Want to download only new records

odk-briefcase

(Frances James) #1

Hi everyone,

My team and I have developed an SQL-Lite database that combines the two .csv files exported by ODK Briefcase (1.9.0 Production) into a format which can be analysed easily by fisheries officers.

However, the database is becoming slower and slower as it erases and uploads the whole dataset every time.

I have just noticed that under the 'Export' tab on Briefcase you can select a specific date range. I am hoping this will solve my problem? Or is there a much easier way of just exporting new data from the server?

Many thanks,

Frances


(Yaw Anokwa) #2

Hi @Frances! I wanted to tease out a couple of things here...

If you do a pull, Briefcase will always scan the entire Aggregate database to see if a submission on the server exists on the local machine. If it doesn't then it'll download the submission. On Briefcase v1.7 and greater, both the existence check and the download (if parallel downloads is enabled) happens extremely quickly.

If you do an export, Briefcase doesn't talk to the server at all. It takes the data on your local machine and exports that. And yes, as you noted, you can export a particular date range.

Some optimizations:

  • If you are working in the GUI, upgrade to Briefcase v1.10 (found at https://github.com/opendatakit/briefcase/releases), and you can pull and export in one operation.
  • If you switch to the CLI, then you can write a script that does the pull and exports a date range that you can have the script configure (e.g., a Bash script that figures out yesterday's date and makes that the start_date).

I don't know how you are generating your SQLite DB, but if you are comfortable in Python, you can write a script that uses pandas that takes the exported CSVs and does whatever merging you need and output to SQLite. If you find that your SQLite DB is being slow, then run VACUUM! https://blogs.gnome.org/jnelson/2015/01/06/sqlite-vacuum-and-auto_vacuum/ has a quick explanation.


(Frances James) #3

Hi @yanokwa

Thanks for replying and apologies for not acknowledging sooner!
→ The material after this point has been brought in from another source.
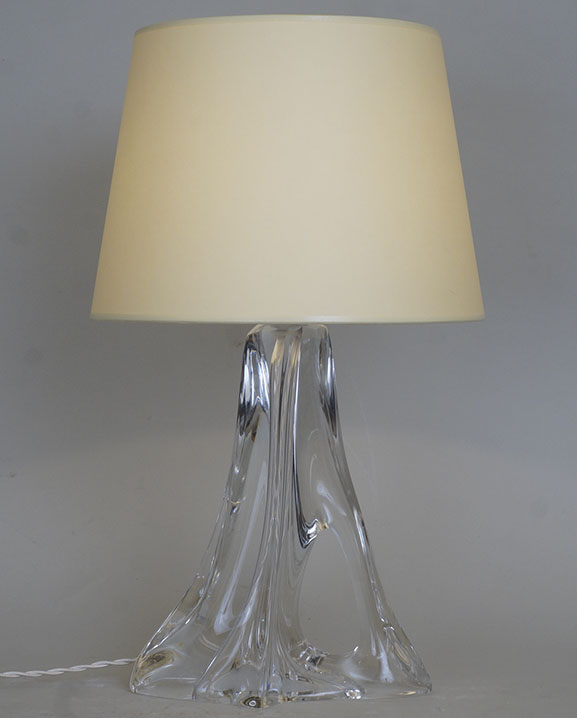 L 389- Lampe en cristal.    Haut : 44  cm / 17,3 in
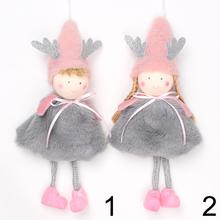 Závesný anjel mix s ružovými čiapkami a šedými šatami.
I am using a GUI. So if I understand correctly, I have 2 options.

  1. Pull all submissions and export only the dates I want (not ideal as not automatic)
  2. Upgrade from v.1.9 to v.1.10? Will I be able to export the latest data this way, i.e. does the system recognise the last submission that was downloaded previously. Sorry this is the bit I don't quite understand.

I am afraid I am not versed in database language (my colleague has built our system) so I have asked him to help me with your last paragraph.

Many thanks again,

Fran


(Frances James) #4

@yanokwa just checking you saw my reply above? Many thanks :slight_smile:


(Yaw Anokwa) #5

Hi @Frances, let me try to be a little more precise!

Briefcase scans Aggregate's entire data store every time you pull and tries to download every submission that Aggregate has. Briefcase has no idea what submission is "new". It just tries to get every submission that it does not have. It's not straightforward to change this behavior.

Once submissions are in Briefcase, you can specify a date range for export. If you use the GUI, you have to manually set that date rage. If you use the CLI, you can wrap that export command in a script that updates the start date each time you run the script so it exports the data from that day.

I haven't tested this script (macOS, Linux) lately, but I'd be something like...

#!/bin/bash

JAVA_BIN="/usr/bin/java"
BRIEFCASE_JAR="/home/briefcase/briefcase.jar"

AGGREGATE_URL="https://example.com/ODKAggregate"
ODK_USERNAME="briefcase"
ODK_PASSWORD="mysupersecretpassword"

STORAGE_DIR="/home/briefcase"
EXPORT_DIR="/home/briefcase/exported"

FORM_IDS=($(curl --silent "X-OpenRosa-Version:1.0" "$AGGREGATE_URL"/formList 2>&1 | awk -F "=|\"" '{print $4}'))

YESTERDAY=$(date +%Y/%m/%d -d "1 days ago")
TODAY=$(date +%Y/%m/%d)

for FORM_ID in "${FORM_IDS[@]}"; do
	echo "Downloading $FORM..."
	"$JAVA_BIN" -jar "$BRIEFCASE_JAR" --form_id "$FORM_ID" --storage_directory "$STORAGE_DIR" --aggregate_url "$AGGREGATE_URL" --odk_username "$ODK_USERNAME" --odk_password "$ODK_PASSWORD"
	echo "Exporting $FORM..."
	"$JAVA_BIN" -jar "$BRIEFCASE_JAR" --form_id "$FORM_ID" --storage_directory "$STORAGE_DIR" --export_directory "$EXPORT_DIR" --export_filename "$FORM_ID-$YESTERDAY".csv --exclude_media_export --overwrite_csv_export --export_start_date "$YESTERDAY" --export_end_date "$TODAY";
done

So if you ran the above script every day with cron, then the $YESTERDAY and $TODAY variables will change and give you daily exports which would be the "new" submissions.